Opportunities Kyoto regime brought lot of monitory benefits to the GHG emission reduction project developers. Kyoto protocol which is the international treaty on the climate change introduced Clean Development Mechanism (CDM). CDM is an arrangement under the Kyoto Protocol allowing industrialized countries (called Annex 1 countries) with a GHG emission reduction targets to invest in projects that reduce emissions in developing countries as an alternative to more expensive emission reductions in their own countries. Such projects can earn Carbon Credits in the form of GHG emission reductions (One carbon credit is equivalent to one ton of carbon dioxide). As discussed earlier, Renewable Energy Certificates (REC) and Perform Achieve and Trade (PAT) are the Indias domestic mechanism partially similar like GHG emission trading scheme. REC mechanism allows trading of REC (one REC produce when one mega watt hour of electricity generates) and Energy Saving Certificates (ESCrts) under the PAT mechanism to the obligated entities on Indian power exchanges. Project developers with renewable energy and energy efficiency projects can earn additional revenue through these mechanisms. In addition, The Bombay Stock Exchange (BSE) has launched the first ever Carbon Indexing Project in collaboration with the UK government recently. This project will use data from the recently released Carbon Disclosure Project (CDP) Report 2011 India 200 to rate BSElisted companies on the basis of their carbon emissions and compare it to their performance on the stock exchange. It can help organizations with low carbon footprint to build their brand image among the industry.

Conclusion
In virtually every phase of our lives, steel plays an essential role. The rails, roads and vehicles that make up our transport systems use steel. Steel provides a strong framework and connections in the buildings where we work, learn and live. It protects and delivers our water and food supply. It is a basic component in technologies that generate and transmit energy. Steel plays a critical role simply because no other material has the same unique combination

of strength, formability and versatility. Consequently, as nations around the world seek to improve their standards of living and lift populations out of poverty, it is inevitable that the demand for steel will increase.
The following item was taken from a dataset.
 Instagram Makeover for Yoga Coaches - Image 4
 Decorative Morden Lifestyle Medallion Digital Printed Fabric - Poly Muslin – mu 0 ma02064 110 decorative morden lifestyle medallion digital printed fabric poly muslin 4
Even as it addresses the needs and challenges of todays economic environment, the steel industry is looking ahead at the challenges that are just over the horizon. Materials that are stronger and meet higher environmental standards will be needed. New generations of steel continue to be developed that make it possible for manufacturers and builders to implement durable, lightweight designs. Furthermore, steel can be endlessly recycled without loss of strength, durability or any of its other distinctive properties. In the year to come, we will see witness an exponential growth in the demand and production of steel all over the world. Especially, India will become a great consumer of steel because of the continued emphasis of the Indian Government on sectors such as Infrastructure, Power, Automobiles and so on. Both, the Public and Private players in the Indian Steel Industry will step up their productions in order to met the booming domestic demand. Currently ranked 5th, the Indian Steel Industry is still to witness its peak because the Indian Steel Industry is a giant in the awakening. The term paper reviews the Indian Steel industry in depth. The Indian Steel Industry has taken the world by storm and still has a long way to go. There were limitations with regard to the research tools used for gathering data which are as follows: Secondary data is obtained from some other organization than the one instantaneously interested with current research project. Secondary data was collected and analyzed by the organization to convene the requirements of various research objectives. When using secondary research, one must exercise caution when using dated information from the past. With companies competing in fast changing industries, an out-of-date research reports many have little or no relevance to the current market situation.